Dil, bazen bize gözden kaçırdığımız hakikatleri fısıldar. Arapçada “huzur” ile “hazır” kelimelerinin aynı kökten gelmesi de o fısıltılardan biridir. İlk bakışta biri dinginliği, diğeri tetikte olmayı çağrıştırır gibi görünse de, aslında ikisi de insanın içsel dünyasına açılan iki kapıdır. Ve bu iki kapı, düşündüğümüzden çok daha yakındır birbirine.

Huzur, çoğu zaman dış şartların ödülü gibi algılanır. Gürültü biterse, işler yoluna girerse, insanlar bizi anlarsa, hayat biraz durulursa… Sanki huzur hep bir sonrasının, bir “olursa ne güzel olur”un arkasına gizlenmiş bekler. Oysa kelimenin kökü tam tersini söyler: Huzur, hazır olduğumuz yerde ortaya çıkar. İçimizin hizaya geldiği anda, şimdiye temas edebildiğimizde…

Hazır olmak ise çoğu kişinin sandığı gibi savaş hazırlığı değildir. Hazır olmak; anı karşılamaya gönüllü olmaktır. Yarın kaygısından, dünün ağırlığından sıyrılıp bugüne yerleşme cesaretidir. Zihnin “az sonra”sından, kalbin “keşke”sinden sıyrılıp “şimdi”de bulunabilme hâlidir. Huzur da tam burada filizlenir.

Belki de insanın en büyük yanılgısı, huzuru dışarıda; hazırlığı içeride aramasıdır. Oysa ilişkilerimizde, işimizde, yolculuğumuzda, evimizde bile huzur aynı cümleyi tekrar eder:
“Olduğun yere gel, hazır ol ki beni bulabilesin.”

Hazır olmayan bir zihin huzuru taşıyamaz. Dağınık bir kalpte sükûnet barınamaz. Bu yüzden hazır olmak, bir toparlanma çağrısıdır:
– Neyi tutuyorsan bırak.
– Neyi bekliyorsan erteleme.
– Ne olmak istiyorsan ona yaklaş.

Hazır olduğumuzda, huzur bize gelmez; zaten biz onun içinde olduğumuzu fark ederiz.
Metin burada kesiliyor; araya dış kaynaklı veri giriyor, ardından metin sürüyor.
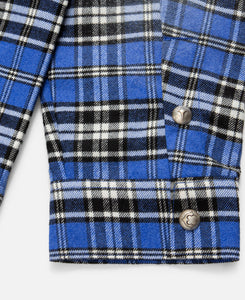 Arab Sword Flannel Shirt (Blue)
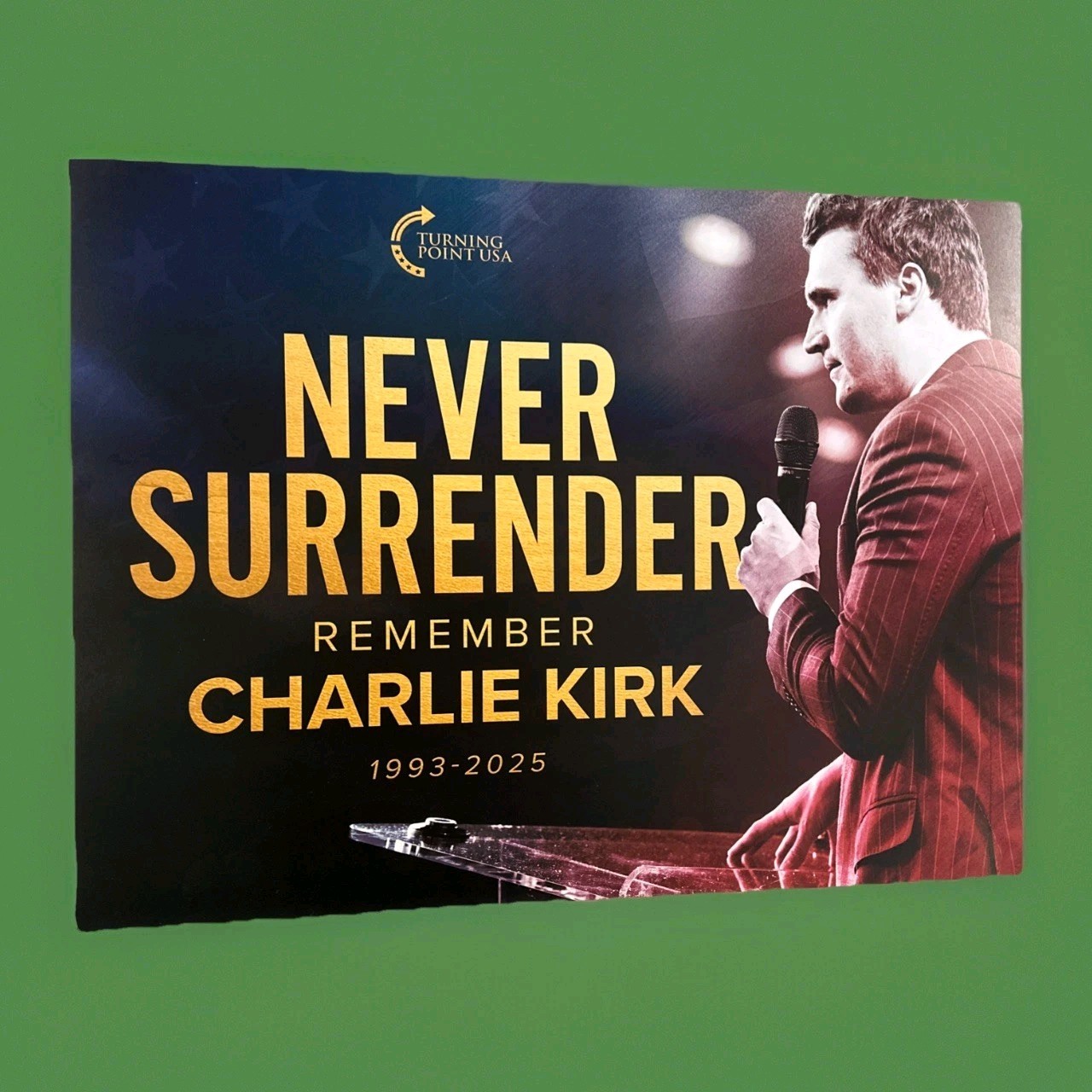 Charlie Kirk Rare Funeral Memorial Authentic Statefarm Stadium Poster New Large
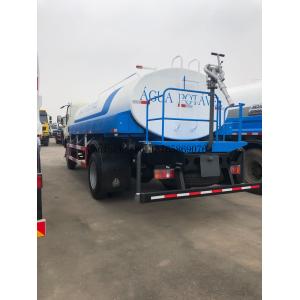 Manual 10000L 4x2 Water Tank Truck With Front Rear Sprinkler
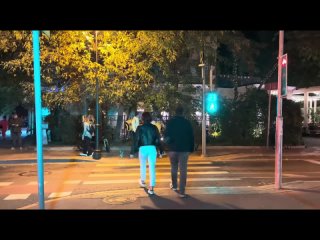 Москва ночью 🌃 прогулка по улицам и красивая атмосфера столицы ✨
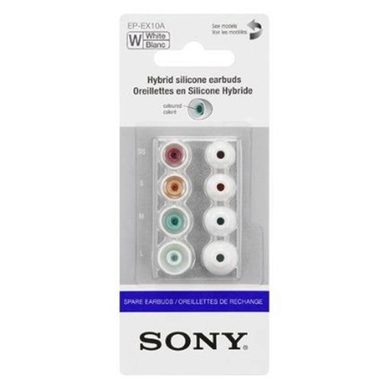 SONY náhradné silikónové koncovky do in-ear slúchadiel / 4 rôzne veľkosti / biela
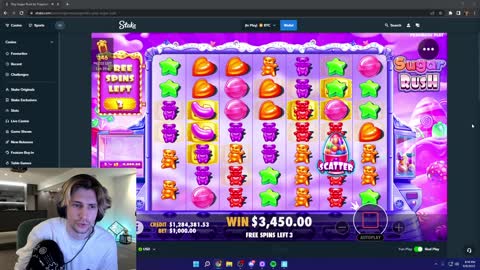 xQc Clips Wins On Casino Live On Twitch Stream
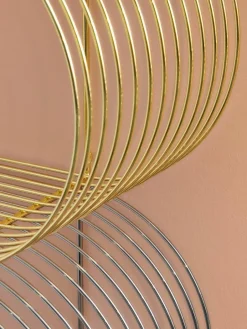 Aytm Wandregal Curva aus Metall, B 61 cm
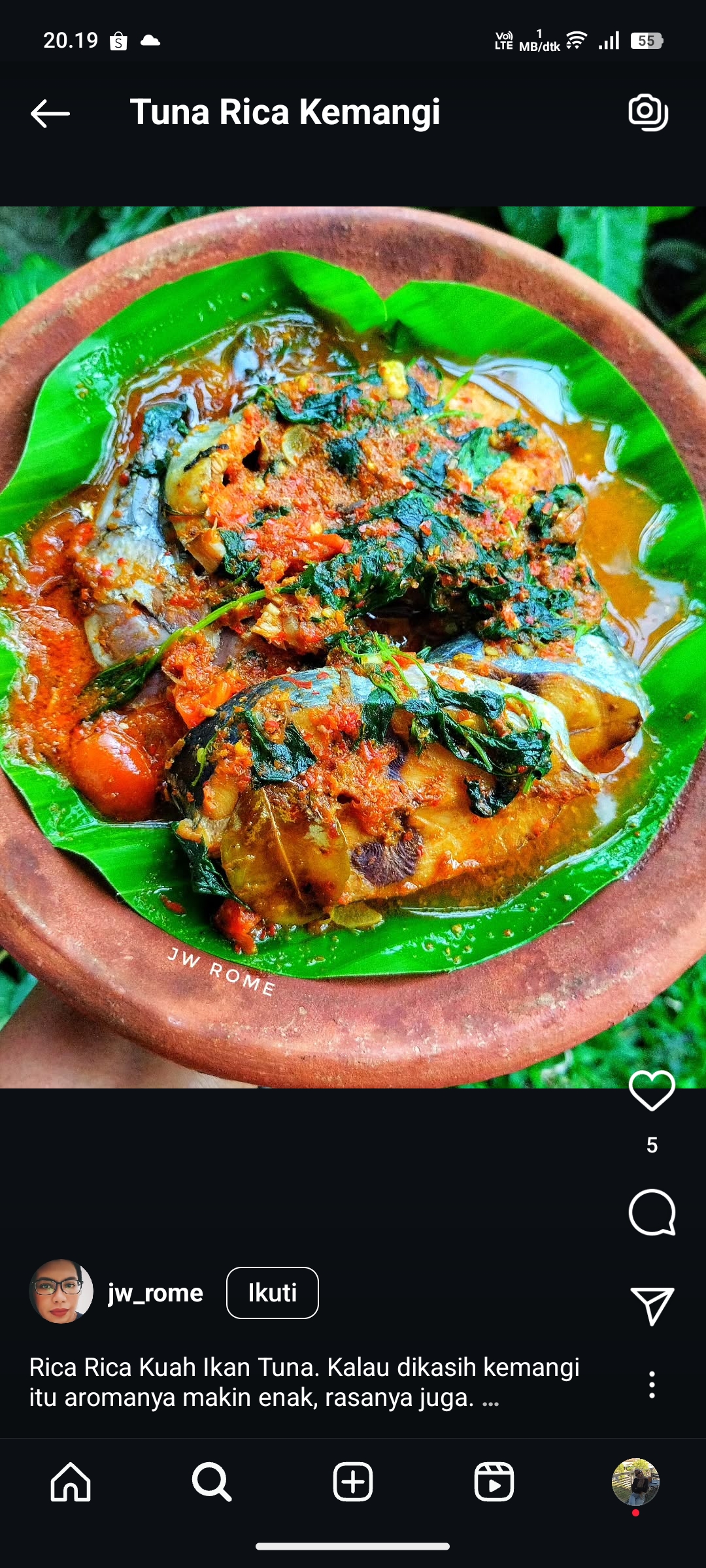 Tuna Rica Kemangi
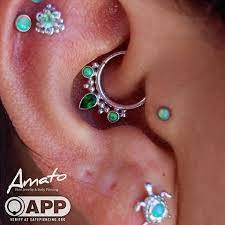 The Eden Pear From Bvla Looking Snug And Cozy In This Healing Daith By Joe Amanda S Got A Be Daith Piercing Jewelry Pretty Ear Piercings Unique Ear Piercings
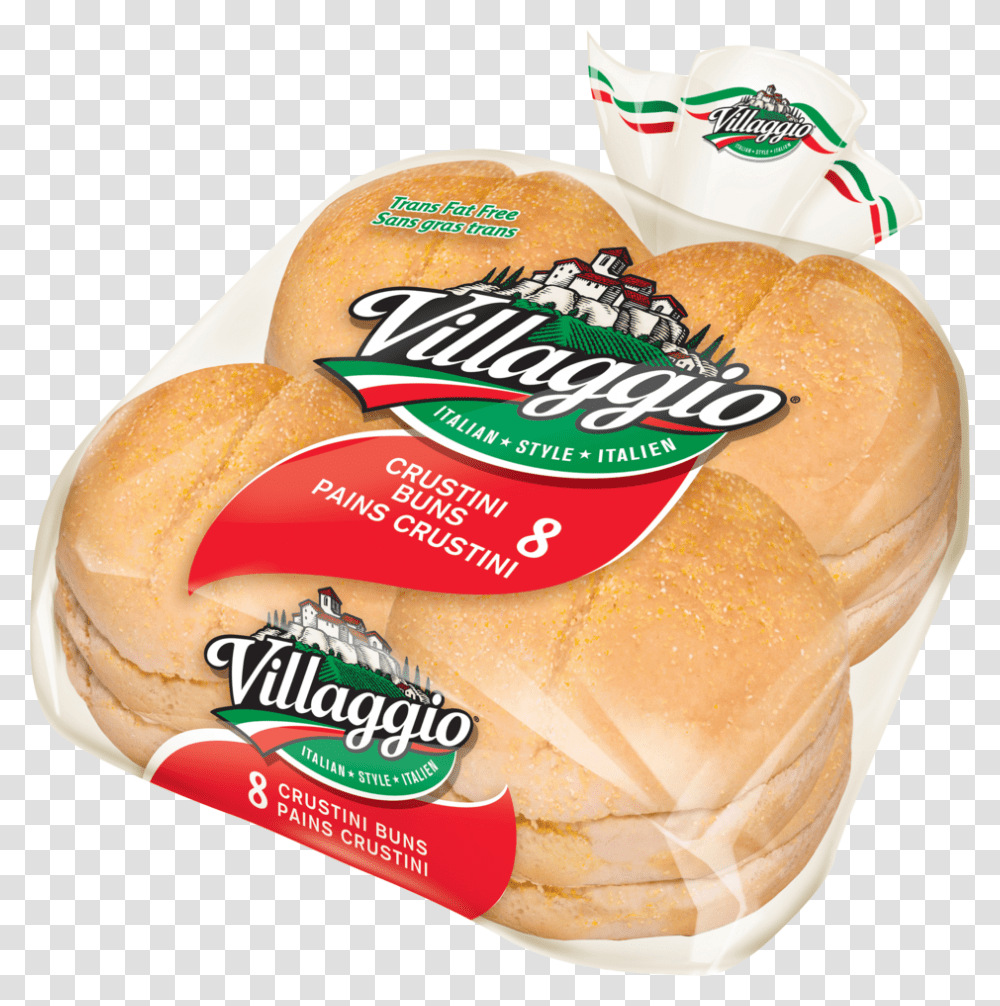 Hamburger Bun Crustini Buns, Bread, Food, Bread Loaf, French Loaf Transparent Png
Günümüzün telaşında bu iki kavramın aynı köke bağlı olması, adeta kadim bir hatırlatma gibidir. Huzur, bir hedef değil; bir fark ediştir. Hazır olmak bir koşu değil; bir duruştur. Ve insan, durduğunda değil; durabildiğinde olgunlaşır.

Belki de sade bir cümleyle özetlenebilir bütün bu yolculuk:
Huzur, kendine gelene gelir. Kendine gelmekse hazır olmayı gerektirir.

Bugünün koşuşturması içinde bir an durup kendimize soralım:
“Ben bugün nereye yetişmeye çalışıyorum? Ve aslında neye hazır olmak istiyorum?”

Belki cevabı bulduğumuzda huzur da sessizce yanımıza oturacaktır.